DATA FOR ANALYSIS:
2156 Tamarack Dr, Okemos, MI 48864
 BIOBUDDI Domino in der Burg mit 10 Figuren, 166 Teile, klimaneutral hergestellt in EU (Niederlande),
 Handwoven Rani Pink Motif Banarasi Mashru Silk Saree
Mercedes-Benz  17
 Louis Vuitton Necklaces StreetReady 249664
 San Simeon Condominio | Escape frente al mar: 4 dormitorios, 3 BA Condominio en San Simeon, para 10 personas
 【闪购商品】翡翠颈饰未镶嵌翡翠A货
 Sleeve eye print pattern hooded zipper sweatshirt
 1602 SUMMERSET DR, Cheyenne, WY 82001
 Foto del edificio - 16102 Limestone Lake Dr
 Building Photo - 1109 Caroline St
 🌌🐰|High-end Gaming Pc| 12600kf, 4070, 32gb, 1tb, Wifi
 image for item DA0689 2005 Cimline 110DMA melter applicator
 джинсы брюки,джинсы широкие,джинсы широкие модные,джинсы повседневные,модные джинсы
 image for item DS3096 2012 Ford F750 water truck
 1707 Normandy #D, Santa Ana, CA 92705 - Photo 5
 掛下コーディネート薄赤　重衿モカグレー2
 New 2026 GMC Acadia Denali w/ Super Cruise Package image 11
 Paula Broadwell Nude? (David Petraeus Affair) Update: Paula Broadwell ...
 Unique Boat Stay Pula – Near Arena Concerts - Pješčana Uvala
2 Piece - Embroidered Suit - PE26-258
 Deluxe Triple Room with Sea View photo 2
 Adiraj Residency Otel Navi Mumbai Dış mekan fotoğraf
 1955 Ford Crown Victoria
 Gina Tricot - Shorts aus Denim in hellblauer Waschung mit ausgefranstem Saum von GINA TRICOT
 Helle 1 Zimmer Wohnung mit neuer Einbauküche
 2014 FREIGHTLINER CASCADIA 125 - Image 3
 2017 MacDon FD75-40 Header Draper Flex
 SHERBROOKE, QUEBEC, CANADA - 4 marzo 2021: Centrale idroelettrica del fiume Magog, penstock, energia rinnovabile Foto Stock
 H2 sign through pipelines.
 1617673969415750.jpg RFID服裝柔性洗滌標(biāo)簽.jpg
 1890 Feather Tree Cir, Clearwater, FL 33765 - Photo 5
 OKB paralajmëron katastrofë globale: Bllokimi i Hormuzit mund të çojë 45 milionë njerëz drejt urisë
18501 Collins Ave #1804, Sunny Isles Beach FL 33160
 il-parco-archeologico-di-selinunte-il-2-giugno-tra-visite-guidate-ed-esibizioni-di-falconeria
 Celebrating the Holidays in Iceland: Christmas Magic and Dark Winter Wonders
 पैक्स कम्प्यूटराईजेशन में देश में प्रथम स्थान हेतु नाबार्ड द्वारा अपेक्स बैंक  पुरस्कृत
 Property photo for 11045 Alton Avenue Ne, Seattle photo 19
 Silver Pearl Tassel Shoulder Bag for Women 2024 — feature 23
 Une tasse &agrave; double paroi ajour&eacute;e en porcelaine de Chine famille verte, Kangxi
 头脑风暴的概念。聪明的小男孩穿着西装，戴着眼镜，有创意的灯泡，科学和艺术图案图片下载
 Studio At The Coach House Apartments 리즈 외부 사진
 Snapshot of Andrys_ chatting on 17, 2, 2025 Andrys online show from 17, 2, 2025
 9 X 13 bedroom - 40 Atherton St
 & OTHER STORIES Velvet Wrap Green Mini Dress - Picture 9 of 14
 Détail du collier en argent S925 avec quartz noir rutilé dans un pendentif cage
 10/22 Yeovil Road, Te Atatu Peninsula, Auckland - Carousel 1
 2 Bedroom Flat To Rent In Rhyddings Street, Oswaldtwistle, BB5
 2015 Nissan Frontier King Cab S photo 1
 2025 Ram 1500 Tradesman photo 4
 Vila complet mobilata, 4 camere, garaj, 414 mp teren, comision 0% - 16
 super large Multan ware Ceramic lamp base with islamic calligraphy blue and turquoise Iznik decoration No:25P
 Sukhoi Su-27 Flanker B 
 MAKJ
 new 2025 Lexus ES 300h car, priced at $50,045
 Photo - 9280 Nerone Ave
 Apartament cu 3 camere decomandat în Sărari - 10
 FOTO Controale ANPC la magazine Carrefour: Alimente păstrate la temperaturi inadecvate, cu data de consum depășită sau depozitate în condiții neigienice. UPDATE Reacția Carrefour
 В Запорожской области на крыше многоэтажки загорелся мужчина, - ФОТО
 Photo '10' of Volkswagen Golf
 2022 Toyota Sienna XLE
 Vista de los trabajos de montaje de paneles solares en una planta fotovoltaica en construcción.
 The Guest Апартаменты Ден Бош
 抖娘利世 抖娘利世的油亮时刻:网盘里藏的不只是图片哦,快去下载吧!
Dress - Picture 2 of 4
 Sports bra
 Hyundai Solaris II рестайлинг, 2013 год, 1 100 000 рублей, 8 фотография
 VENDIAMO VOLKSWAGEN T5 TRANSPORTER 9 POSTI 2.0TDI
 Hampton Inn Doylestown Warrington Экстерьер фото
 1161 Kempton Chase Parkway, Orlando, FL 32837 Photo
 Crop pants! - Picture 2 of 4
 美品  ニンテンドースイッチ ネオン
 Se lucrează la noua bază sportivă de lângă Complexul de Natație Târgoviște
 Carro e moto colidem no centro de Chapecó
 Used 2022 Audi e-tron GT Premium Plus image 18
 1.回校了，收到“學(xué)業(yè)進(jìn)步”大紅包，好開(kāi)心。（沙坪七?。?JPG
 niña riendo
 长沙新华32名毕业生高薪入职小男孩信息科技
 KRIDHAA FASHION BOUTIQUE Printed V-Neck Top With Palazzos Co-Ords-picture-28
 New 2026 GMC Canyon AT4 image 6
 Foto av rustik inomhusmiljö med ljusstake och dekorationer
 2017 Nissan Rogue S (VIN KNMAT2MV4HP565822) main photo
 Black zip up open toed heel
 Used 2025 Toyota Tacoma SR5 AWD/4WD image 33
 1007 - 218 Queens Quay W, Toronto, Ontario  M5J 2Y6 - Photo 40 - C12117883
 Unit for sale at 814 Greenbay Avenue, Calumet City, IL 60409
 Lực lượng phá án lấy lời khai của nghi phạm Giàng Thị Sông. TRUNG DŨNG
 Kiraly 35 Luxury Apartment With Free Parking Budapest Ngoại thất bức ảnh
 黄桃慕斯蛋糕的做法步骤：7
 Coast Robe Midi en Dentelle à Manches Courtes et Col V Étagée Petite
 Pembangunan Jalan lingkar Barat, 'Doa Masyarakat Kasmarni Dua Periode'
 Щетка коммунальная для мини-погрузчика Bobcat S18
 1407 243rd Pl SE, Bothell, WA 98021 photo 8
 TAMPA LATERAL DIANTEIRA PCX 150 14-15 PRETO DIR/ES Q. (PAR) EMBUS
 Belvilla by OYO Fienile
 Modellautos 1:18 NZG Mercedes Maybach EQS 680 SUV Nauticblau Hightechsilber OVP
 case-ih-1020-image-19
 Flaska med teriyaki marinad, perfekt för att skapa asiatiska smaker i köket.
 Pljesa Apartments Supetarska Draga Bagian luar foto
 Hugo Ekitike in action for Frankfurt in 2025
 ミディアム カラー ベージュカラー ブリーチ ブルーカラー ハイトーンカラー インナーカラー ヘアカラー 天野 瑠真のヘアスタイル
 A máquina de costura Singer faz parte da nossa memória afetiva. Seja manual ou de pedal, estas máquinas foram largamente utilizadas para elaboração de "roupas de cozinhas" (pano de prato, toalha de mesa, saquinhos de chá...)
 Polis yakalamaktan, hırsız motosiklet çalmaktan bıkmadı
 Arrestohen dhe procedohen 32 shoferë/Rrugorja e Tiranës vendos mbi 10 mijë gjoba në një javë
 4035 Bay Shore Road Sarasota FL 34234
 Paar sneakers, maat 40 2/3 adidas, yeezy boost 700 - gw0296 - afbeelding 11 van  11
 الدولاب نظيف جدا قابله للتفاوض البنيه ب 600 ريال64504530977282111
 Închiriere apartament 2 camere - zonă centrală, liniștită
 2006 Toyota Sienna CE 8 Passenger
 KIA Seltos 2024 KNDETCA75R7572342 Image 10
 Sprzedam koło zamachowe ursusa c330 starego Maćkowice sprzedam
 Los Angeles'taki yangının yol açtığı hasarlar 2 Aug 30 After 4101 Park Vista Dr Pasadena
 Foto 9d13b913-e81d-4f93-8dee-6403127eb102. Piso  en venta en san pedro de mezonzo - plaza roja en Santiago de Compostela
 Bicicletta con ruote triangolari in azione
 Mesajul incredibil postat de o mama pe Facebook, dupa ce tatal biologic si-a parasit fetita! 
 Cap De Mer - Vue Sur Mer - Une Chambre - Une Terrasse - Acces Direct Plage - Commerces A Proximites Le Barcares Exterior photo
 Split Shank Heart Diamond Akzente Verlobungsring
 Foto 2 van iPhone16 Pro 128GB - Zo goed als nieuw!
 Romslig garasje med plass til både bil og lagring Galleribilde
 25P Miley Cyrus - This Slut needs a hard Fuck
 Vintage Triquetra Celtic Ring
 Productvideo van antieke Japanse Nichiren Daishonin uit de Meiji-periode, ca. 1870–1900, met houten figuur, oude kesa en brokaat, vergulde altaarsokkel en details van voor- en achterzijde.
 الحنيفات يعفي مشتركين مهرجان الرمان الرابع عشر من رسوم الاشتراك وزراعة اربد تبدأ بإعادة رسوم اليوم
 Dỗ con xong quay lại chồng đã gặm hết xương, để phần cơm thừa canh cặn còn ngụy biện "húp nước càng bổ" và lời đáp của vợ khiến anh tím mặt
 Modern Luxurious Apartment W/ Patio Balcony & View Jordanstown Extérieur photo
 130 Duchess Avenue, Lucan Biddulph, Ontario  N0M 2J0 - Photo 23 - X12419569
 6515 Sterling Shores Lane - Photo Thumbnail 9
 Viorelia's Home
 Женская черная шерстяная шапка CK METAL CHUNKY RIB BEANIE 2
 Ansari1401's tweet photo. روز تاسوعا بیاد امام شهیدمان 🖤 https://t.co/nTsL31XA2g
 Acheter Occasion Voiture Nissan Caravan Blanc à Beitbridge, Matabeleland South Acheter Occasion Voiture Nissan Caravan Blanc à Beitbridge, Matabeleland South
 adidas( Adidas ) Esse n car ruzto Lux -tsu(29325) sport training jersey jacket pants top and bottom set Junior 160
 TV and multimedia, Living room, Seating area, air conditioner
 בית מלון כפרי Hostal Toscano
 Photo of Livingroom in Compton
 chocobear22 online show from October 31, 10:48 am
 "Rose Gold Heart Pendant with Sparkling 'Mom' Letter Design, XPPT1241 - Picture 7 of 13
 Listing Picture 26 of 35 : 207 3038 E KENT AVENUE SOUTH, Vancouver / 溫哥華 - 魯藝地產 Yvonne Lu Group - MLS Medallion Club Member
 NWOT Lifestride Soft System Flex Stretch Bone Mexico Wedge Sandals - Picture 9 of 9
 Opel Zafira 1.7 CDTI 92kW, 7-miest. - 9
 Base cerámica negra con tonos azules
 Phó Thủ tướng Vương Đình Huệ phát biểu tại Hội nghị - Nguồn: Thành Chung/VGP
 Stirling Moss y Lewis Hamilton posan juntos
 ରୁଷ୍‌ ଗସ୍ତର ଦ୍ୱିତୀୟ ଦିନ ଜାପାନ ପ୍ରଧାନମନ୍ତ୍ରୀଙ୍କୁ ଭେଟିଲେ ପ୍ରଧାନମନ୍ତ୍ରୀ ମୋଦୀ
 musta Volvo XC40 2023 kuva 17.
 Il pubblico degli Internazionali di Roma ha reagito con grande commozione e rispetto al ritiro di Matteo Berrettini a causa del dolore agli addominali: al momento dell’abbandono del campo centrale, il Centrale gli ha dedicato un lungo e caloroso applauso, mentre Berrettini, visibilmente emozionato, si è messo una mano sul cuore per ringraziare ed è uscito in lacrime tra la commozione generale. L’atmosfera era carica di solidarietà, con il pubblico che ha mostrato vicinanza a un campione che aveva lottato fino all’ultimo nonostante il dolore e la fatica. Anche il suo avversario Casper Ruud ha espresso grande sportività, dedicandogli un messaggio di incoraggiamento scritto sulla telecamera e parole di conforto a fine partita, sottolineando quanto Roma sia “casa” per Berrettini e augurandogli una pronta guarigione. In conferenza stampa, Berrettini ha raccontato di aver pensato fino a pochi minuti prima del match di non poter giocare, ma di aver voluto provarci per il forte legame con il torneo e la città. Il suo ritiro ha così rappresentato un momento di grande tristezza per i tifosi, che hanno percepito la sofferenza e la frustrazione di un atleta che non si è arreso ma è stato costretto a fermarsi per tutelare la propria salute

WHAT IS NEEDED:
Copy out, from the records above, every line that holds the string "pants".

REPLY TO THE EXERCISE:
 Crop pants! - Picture 2 of 4
 adidas( Adidas ) Esse n car ruzto Lux -tsu(29325) sport training jersey jacket pants top and bottom set Junior 160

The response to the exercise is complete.